On Thursday, The Associated Press reported that Russian hackers targeted prominent U.S. politicians and defense contractors, Russian opposition leaders, and Ukrainian officials in addition to the Democratic National Committee. AP obtained what it called a "digital hit list" containing thousands of Kremlin targets from the cybersecurity firm Secureworks, which traced the data after a hacking group known as Fancy Bear tried to "phish" email accounts using a public profile on an email link management platform.
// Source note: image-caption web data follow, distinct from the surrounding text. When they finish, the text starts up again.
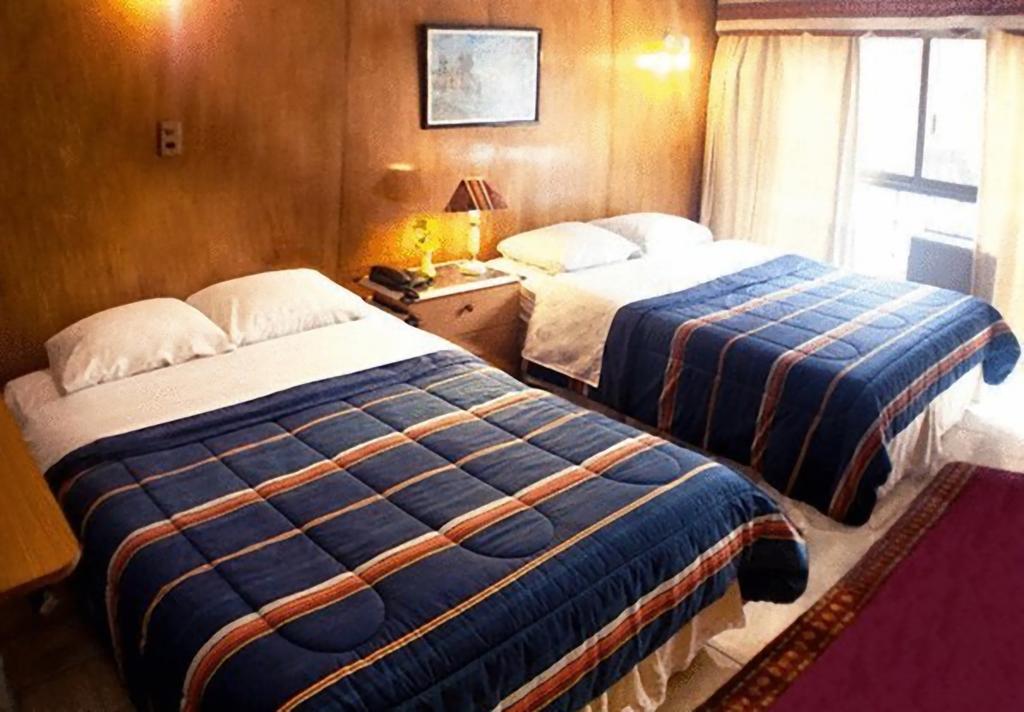 Hotel Windsor Suites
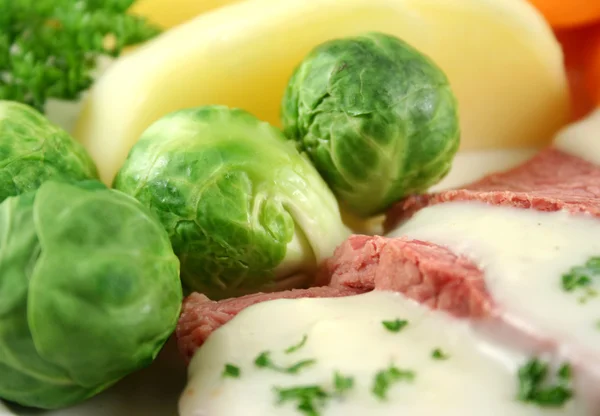 Brussels Sprouts And Corn Beef — Stock Photo, Image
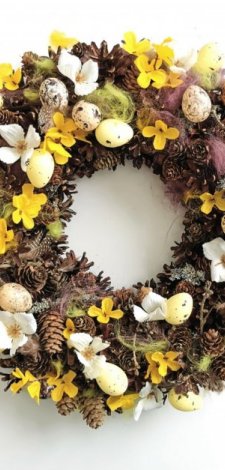 Wiosenny wianek, żółte kwiaty, gniazdo, wielkanocny wianek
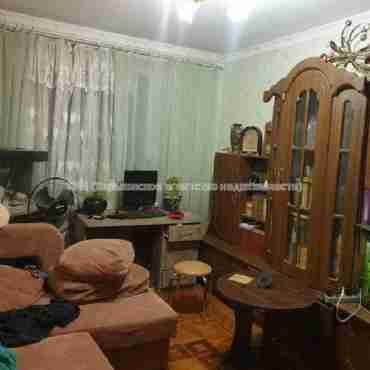 Продам квартиру, Салтовское шоссе , 3 кім., 64 м², косметический ремонт 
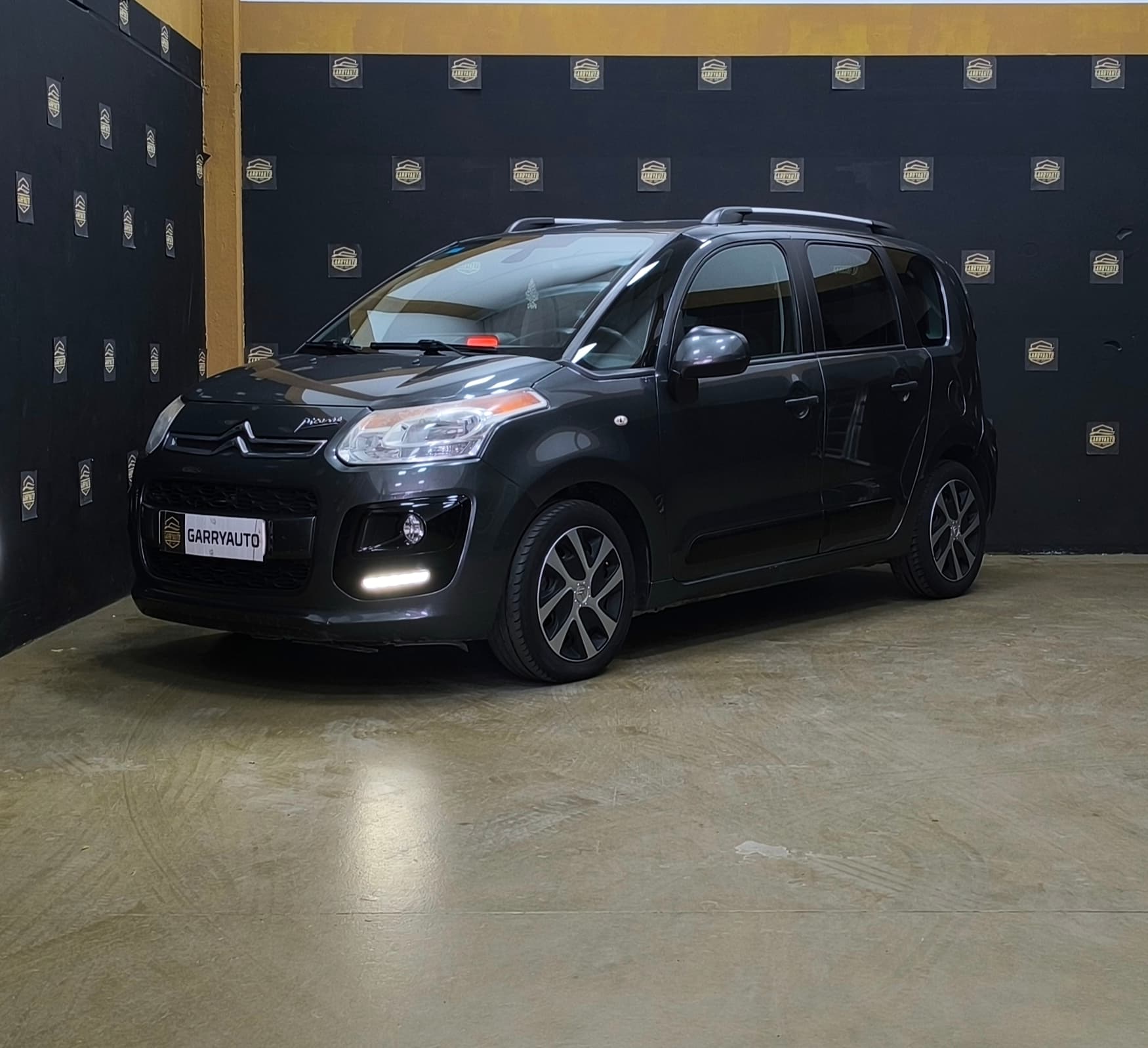 CITROEN C3 PICASSO SEDUCTION 1.6 eHDI 92CV GRIS 2014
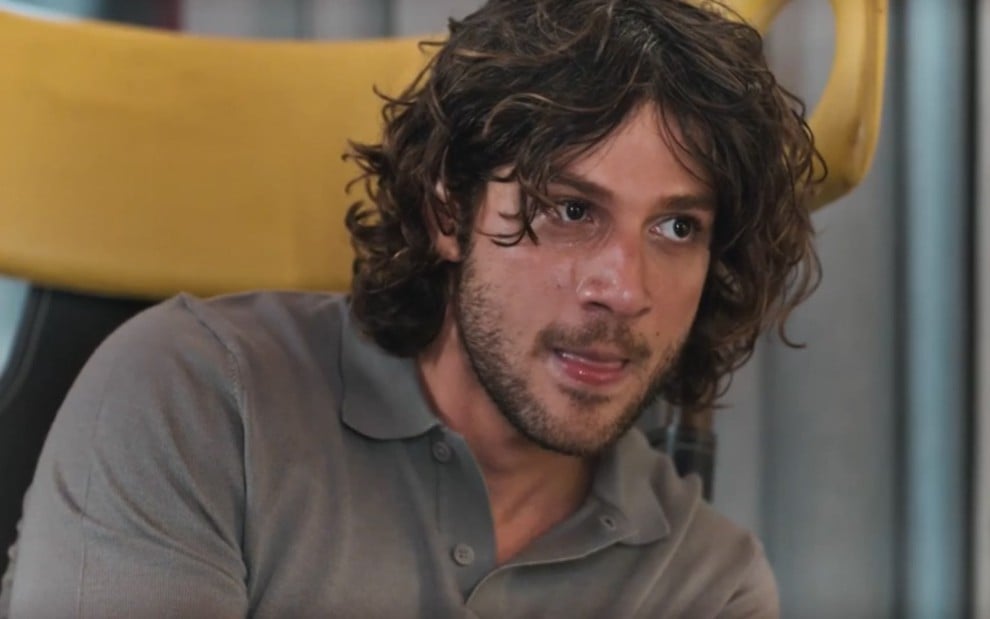 O ator Chay Suede está simulando transtorno em cena da novela Mania de Você como Mavi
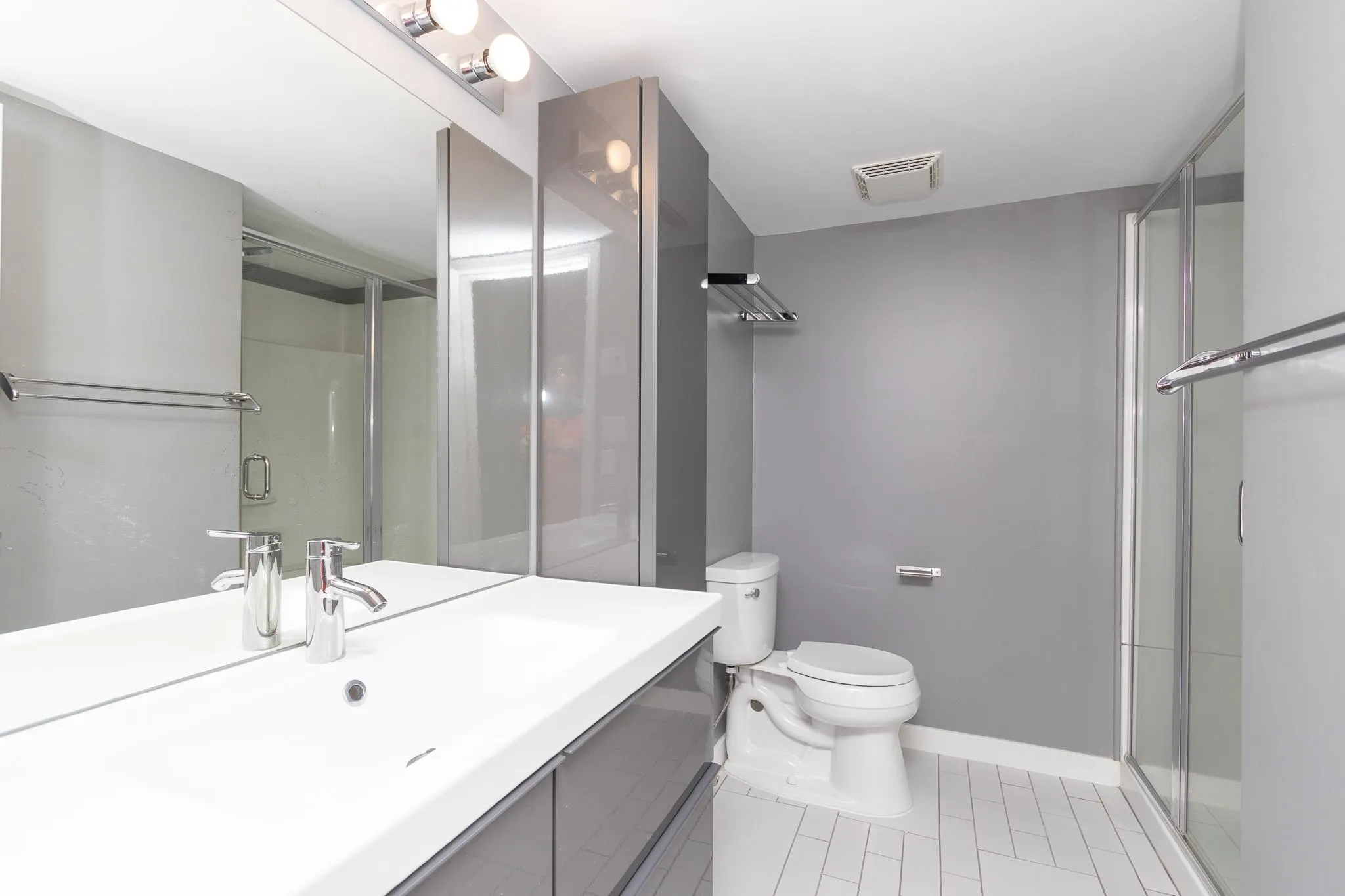 15150 108 Avenue #103
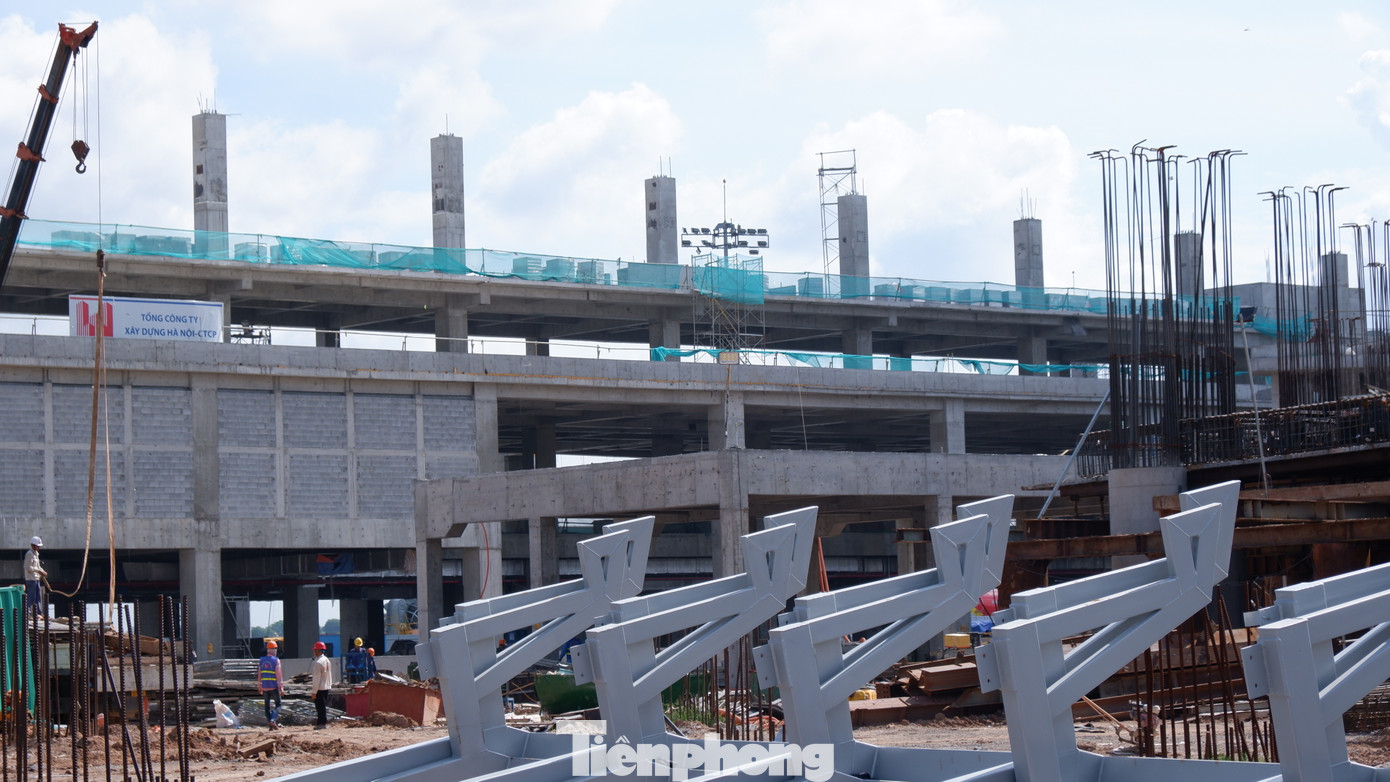 Toàn bộ mặt bằng hiện có phục vụ cho dự án T3 đang được dùng để tập kết cần cẩu, thiết bị, vật liệu phục vụ thi công hạng mục kết cấu thép nhà ga. Ảnh: Hữu Huy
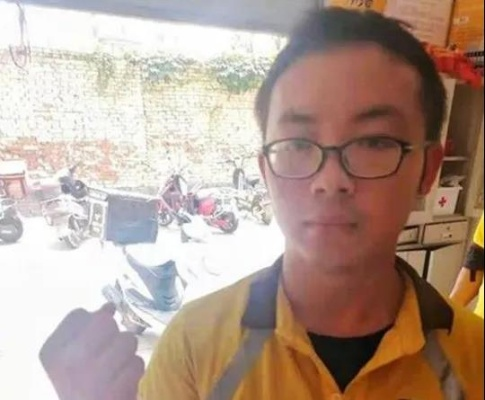 从“红牛哥”到励志偶像:一个普通外卖员的逆袭人生 从“红牛哥”到励志偶像:一个普通外卖员的逆袭人生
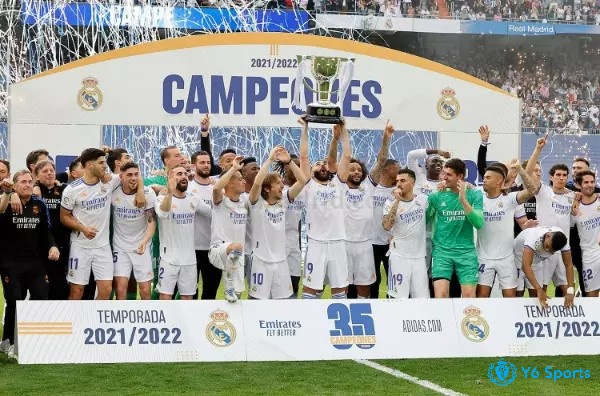 Real Madrid là nhà vô địch của mùa giải La Liga 2021-2022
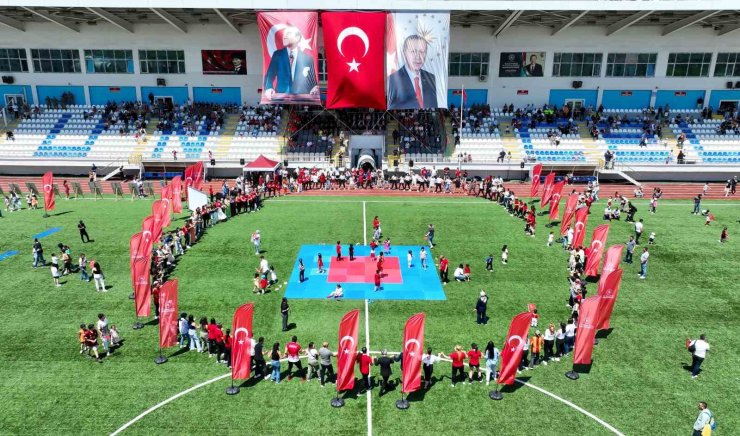 Tunceli’de 19 Mayıs renkli görüntüler oluşturdu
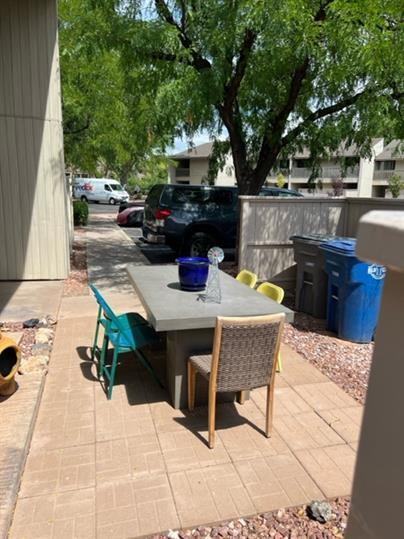 1055 W Bloomington Dr - BH - Photo 3 of 30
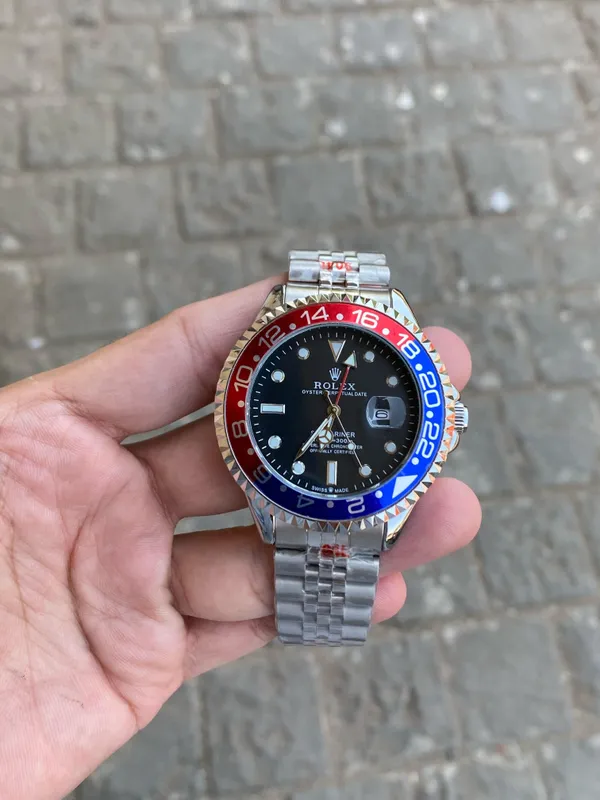 Silver_Black_GMT_Stainless_Steel_Premium_Watch_For_Men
Of the 4,700 individual email addresses targeted by Fancy Bear, AP was able to connect roughly half to account holders. Among the notable targets were then-Secretary of State John Kerry, former Secretary of State Colin Powell, defense contractors for Boeing and Raytheon, Ukrainian President Petro Poroshenko, and the Russian punk band, Pussy Riot. Fancy Bear has long been accused of working on behalf of the Kremlin, and Secureworks' findings also show direct connections between these phishing efforts and the hacking of the DNC's emails during the 2016 presidential election.
Keir Giles, the director of the Conflict Studies Research Center in Cambridge, reviewed AP's findings and called the data "a master list of individuals whom Russia would like to spy on, embarrass, discredit, or silence." "It's a wish list of who you'd want to target to further Russian interests," Giles said.
The massive scope of the Secureworks' findings indicates that even if the Russian hackers succeeded in breaching but a small portion of their targeted accounts, the data drawn from could be multiple terabytes' worth — which would make Fancy Bear's effort one of the largest data leaks in history. Read more about the operation at The Associated Press.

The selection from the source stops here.